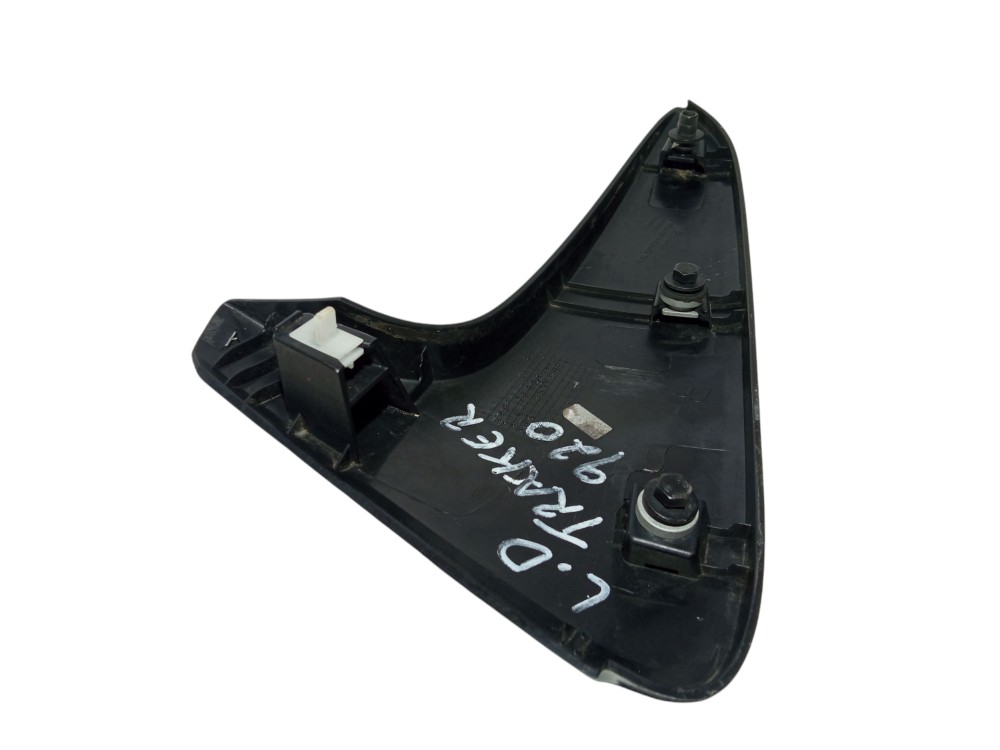 Acabamento Aerofolio Direito Tracker 2018 4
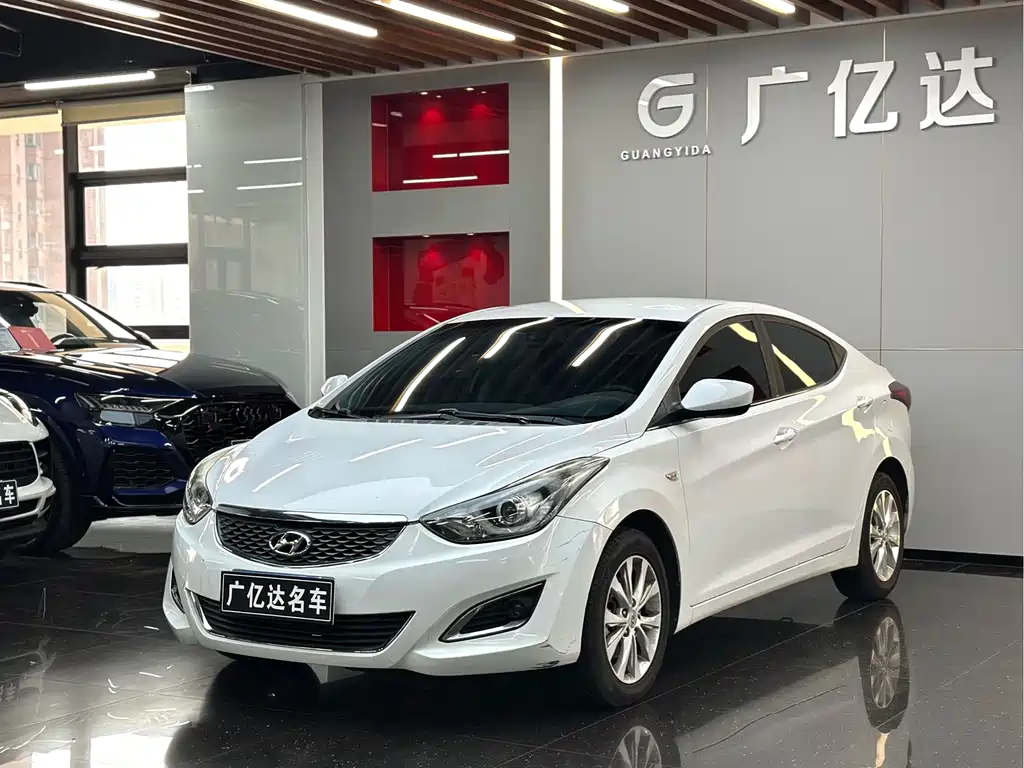 Hyundai Elantra 2017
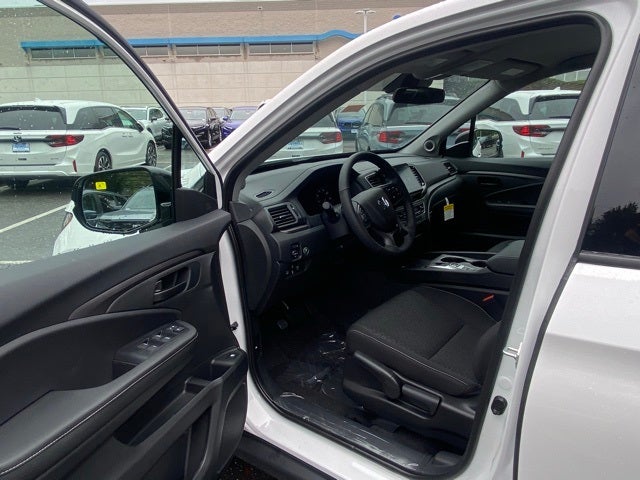 2025 Honda Ridgeline Sport w/HPD Wheels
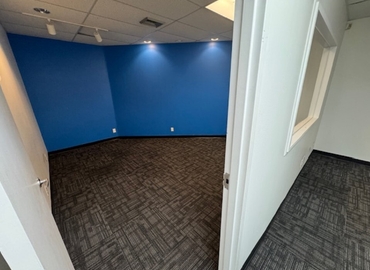 Office South Perimeter Road 1801 33309 Fort Lauderdale, FL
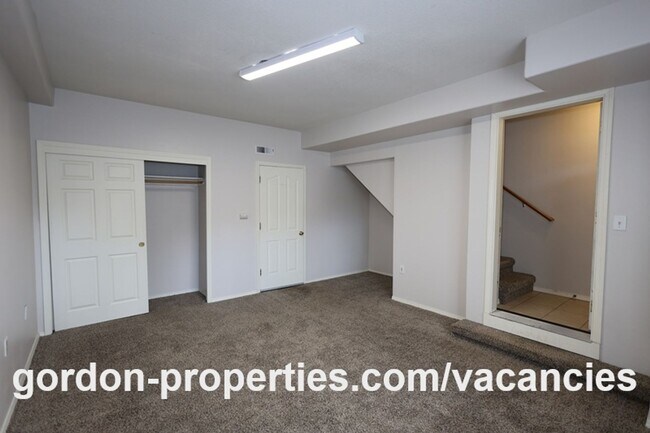Building Photo - SUMMER SPECIAL: NE Halsey St - Gresham 2 bedroom townhouse with den/office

▬▬▬▬▬▬

● Problem to work on
In transcribing the records, omit the pictures and keep everything else exactly as it appears.

● Answer to this exercise
 Acabamento Aerofolio Direito Tracker 2018 4
 Hyundai Elantra 2017
 2025 Honda Ridgeline Sport w/HPD Wheels
 Office South Perimeter Road 1801 33309 Fort Lauderdale, FL
Building Photo - SUMMER SPECIAL: NE Halsey St - Gresham 2 bedroom townhouse with den/office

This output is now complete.